The Fiery Cross - Diana Gabaldon [309]
“Well, I shall wear the brilliants, then, but only to please you, a nighean.” Jocasta’s humorous voice pulled her out of the alluring vision of a dark, hay-lined stall, and Roger’s body, naked limbs half-seen in the gloom.
She glanced up from Jemmy’s blissful suckling, to where Jocasta sat upon the window seat, the spring light through the casement falling across her face. She looked abstracted, Bree thought, as though she were listening to something faint and far-off, that only she could hear. Maybe the hum of the wedding guests below.
The murmur in the house below reminded her of her mother’s summer hives; a thrum that you could hear if you put your ear against one of the bee gums, a distant sound of busy content. The product of this particular swarm was talk, rather than honey, though the intent was similar—the laying up of reserves to see them through bleak and nectarless days of deprivation.
“That will do, that will do.” Jocasta waved Phaedre away, getting to her feet. She shooed the maid out of the room, then stood tapping her fingers restlessly on the dressing table, clearly thinking of further details that should be attended to. Jocasta’s brows drew together, and she pressed two fingers against the skin above her eyes.
“Have you got a headache, Auntie?” Brianna kept her voice low, so as not to disturb Jemmy, who was nearly asleep. Jocasta dropped her hand and turned toward her niece with a small, wry smile.
“Och, it’s nothing. Whenever the weather turns, my poor head turns with it!”
In spite of the smile, Brianna could see small lines of pain tugging at the corners of Jocasta’s eyes.
“Jem’s nearly finished. I’ll go and fetch Mama, shall I? She could make you a tisane.”
Jocasta flapped a hand in dismissal, pushing away the pain with an obvious effort.
“No need, a muirninn. It’s none so bad as that.” She rubbed at her temple, careful of the hairdressing, the gesture belying her words.
Jemmy’s mouth released its hold with a small, milky pop! and his head lolled back. The crook of Brianna’s elbow was hot and sweaty, where his head had rested; his tiny ear was crumpled and crimson. She lifted his inert body and sighed with relief as the cool air struck her skin. A soft belch bubbled out of him with a dribble of excess milk, and he subsided against her shoulder like a half-filled water balloon.
“Full, is he?” Jocasta smiled, blind eyes turned toward them at the faint sound.
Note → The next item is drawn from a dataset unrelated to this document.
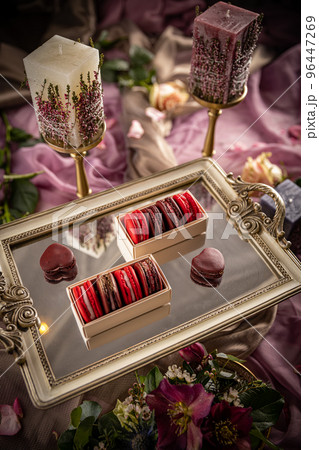 Red and brown macarons Red and brown macarons 96447269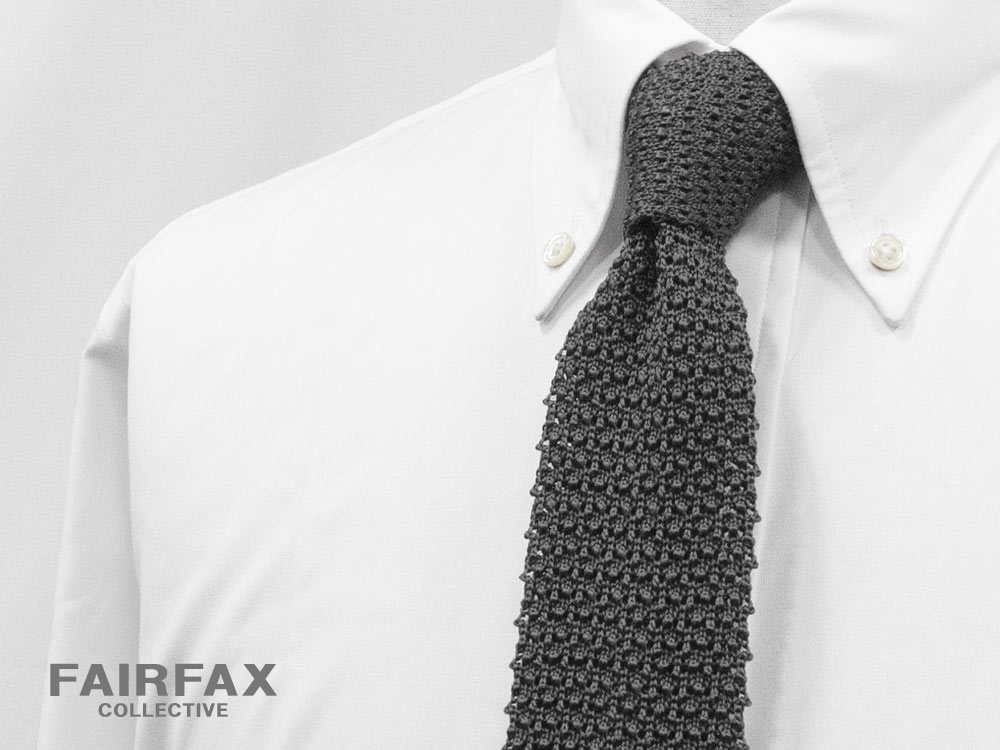 [ FAIRFAX / フェアファクス ] ニットタイ シルクニットネクタイ ( グレー) FEN-20 ( 195040032 NE3 ) オールシーズン/メンズ/ビジネス/無地 MADE IN JAPAN / 日本製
“As a drum,” Brianna assured her. She patted his small back, to be sure, but heard no more than the soft sigh of sleep-filled breathing. She rose, wiped the milk from his chin, and laid the baby on his stomach in his makeshift cradle, a drawer from Jocasta’s mahogany chiffonier, laid on the floor and thickly padded with pillows and quilts.
Brianna hung the shawl over the back of the chair, shivering slightly in a draft that leaked around the window frame. Not wanting to risk her new dress being stained with spit-up milk, she’d been nursing Jemmy in shift and stockings, and her bare forearms were pebbled with gooseflesh.
Jocasta turned her head in answer to the creak of wood and rustle of fabric, as Brianna opened the big armoire and took out two linen petticoats and her dress, smoothing the panels of soft, pale blue wool with satisfaction. She had woven the cloth and engineered the design of the gown herself—though Mrs. Bug had spun the thread, Claire had dyed it with indigo and saxifrage, and Marsali had helped with the sewing.
“Shall I call Phaedre back to dress ye, lass?”
“No, that’s all right, I can manage—if you’ll help me with the laces?” She didn’t like to call on the services of the slaves, any more than could be helped. The petticoats were no problem; she simply stepped into them, one at a time, and fastened the drawstrings round her waist. The stays needed to be laced up the back, though, and so did the gown itself.